▶ _Data provided_
Content starts

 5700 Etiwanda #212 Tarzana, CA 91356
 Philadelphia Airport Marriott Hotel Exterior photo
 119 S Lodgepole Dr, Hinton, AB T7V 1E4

Content ends
Content starts

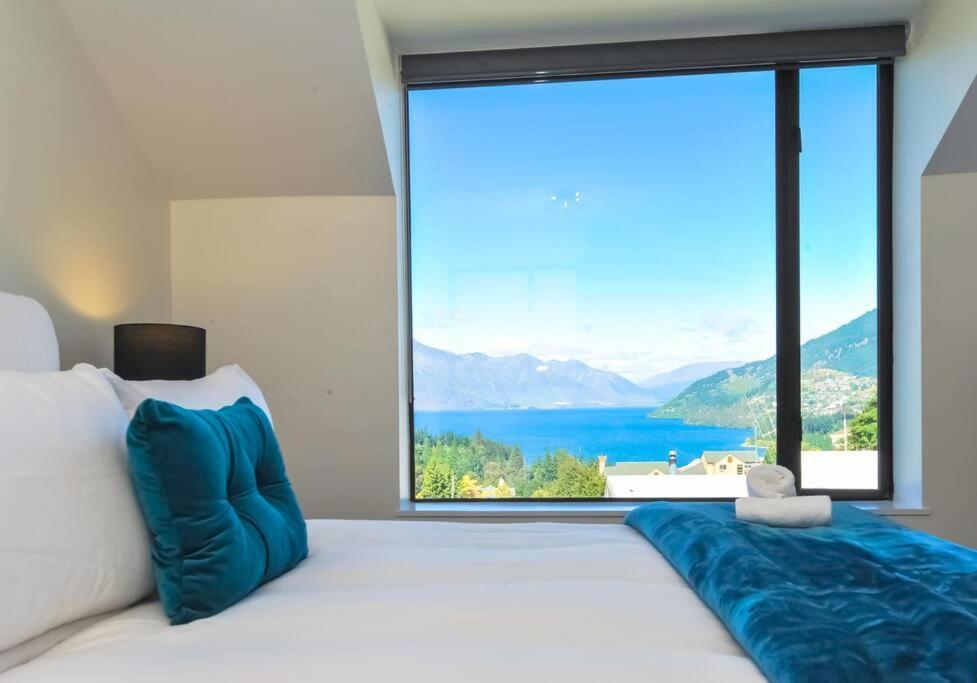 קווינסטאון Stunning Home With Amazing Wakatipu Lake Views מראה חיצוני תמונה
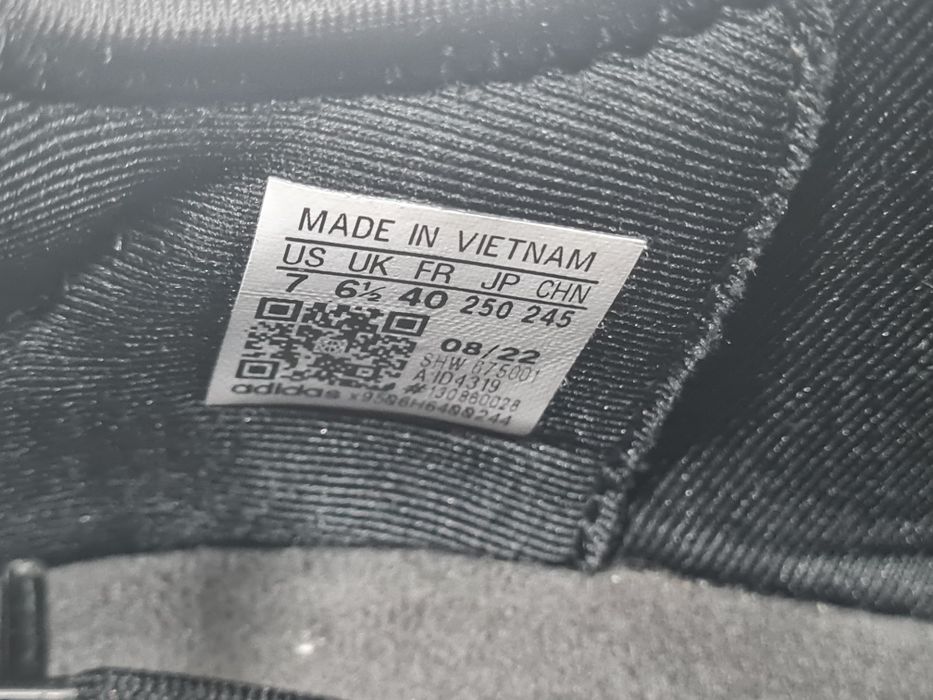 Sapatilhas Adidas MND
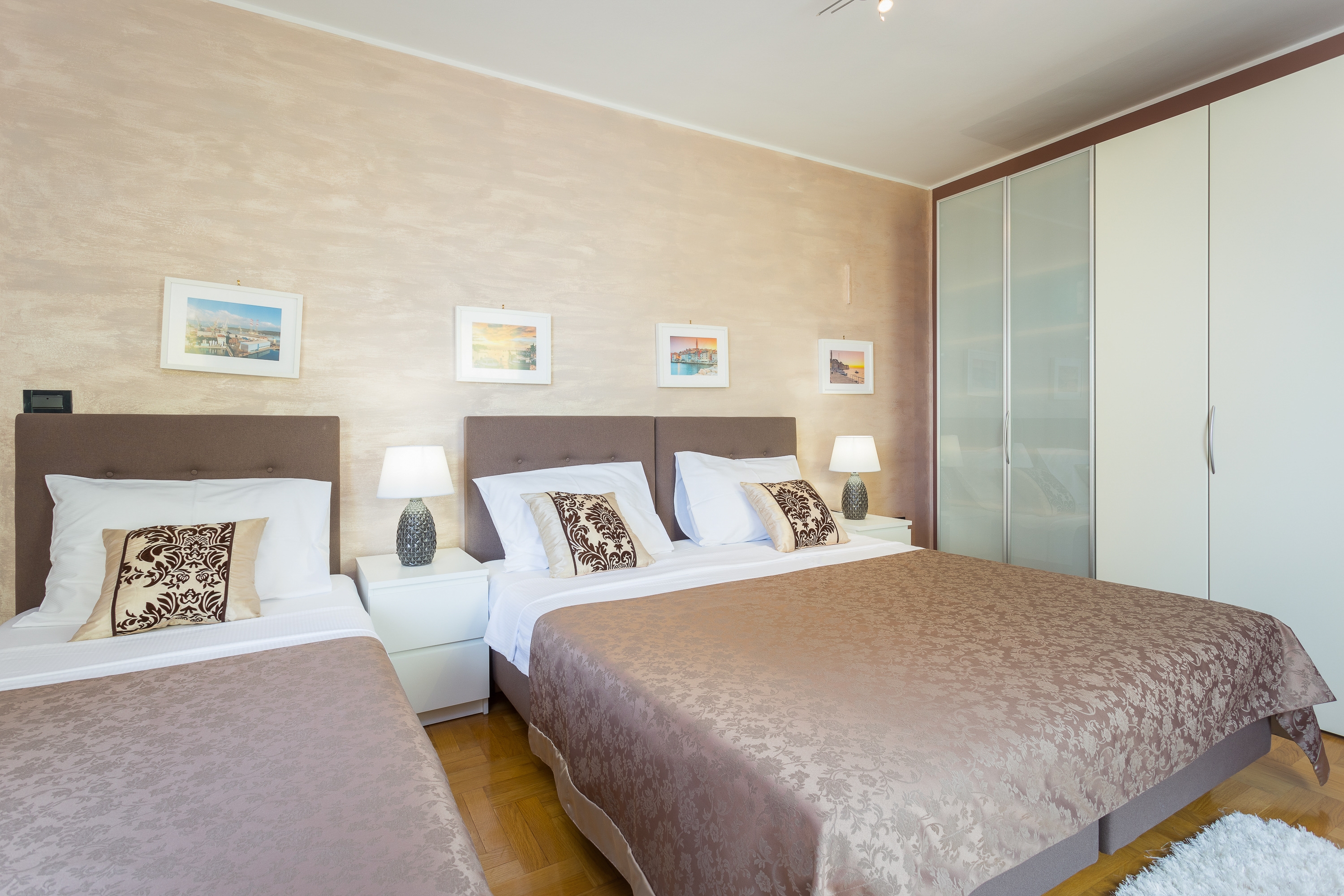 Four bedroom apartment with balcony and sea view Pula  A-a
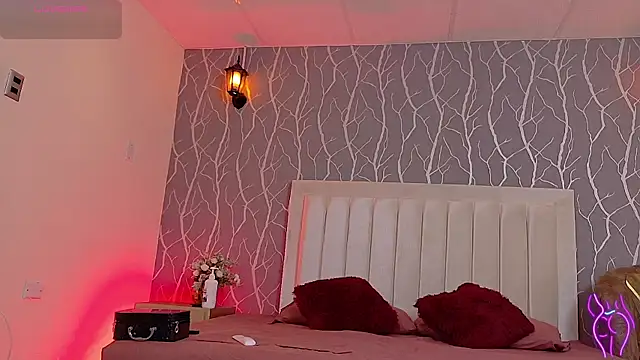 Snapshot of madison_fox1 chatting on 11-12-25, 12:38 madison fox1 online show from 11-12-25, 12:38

Content ends

▶ _What to do_
Could you repeat, exactly, only the lines above starting at the one that has "Four bedroom apartment" and stopping after the one that has "Snapshot of madison_fox1", without the pictures?

▶ _Response for this exercise_
 Four bedroom apartment with balcony and sea view Pula  A-a
 Snapshot of madison_fox1 chatting on 11-12-25, 12:38 madison fox1 online show from 11-12-25, 12:38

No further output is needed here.